## Your instructions
The expected output is the data below, character for character, without its pictures.

## Recorded data
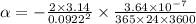 \alpha =-\frac{2\times 3.14}{0.0922^{2}}\times \frac{3.64\times 10^{-7}}{365\times 24\times 3600}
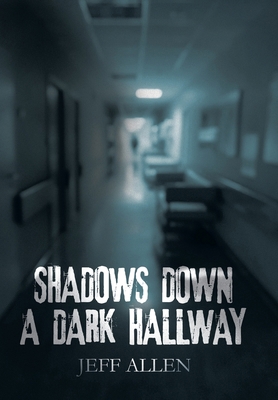 Shadows Down a Dark Hallway B0D49XRGPC Book Cover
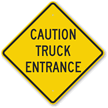 CAUTION TRUCK ENTRANCE Sign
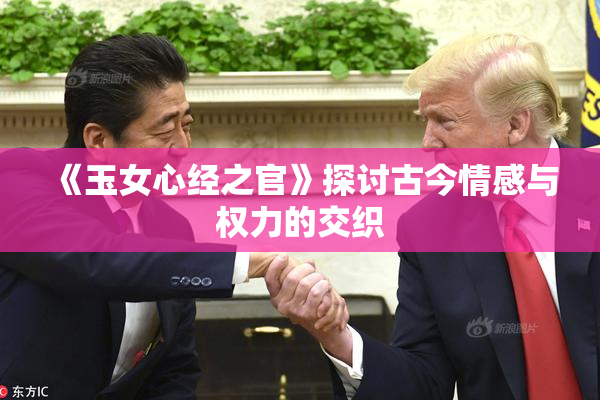《玉女心经之官》探讨古今情感与权力的交织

## Result below
 \alpha =-\frac{2\times 3.14}{0.0922^{2}}\times \frac{3.64\times 10^{-7}}{365\times 24\times 3600}
 Shadows Down a Dark Hallway B0D49XRGPC Book Cover
 CAUTION TRUCK ENTRANCE Sign
《玉女心经之官》探讨古今情感与权力的交织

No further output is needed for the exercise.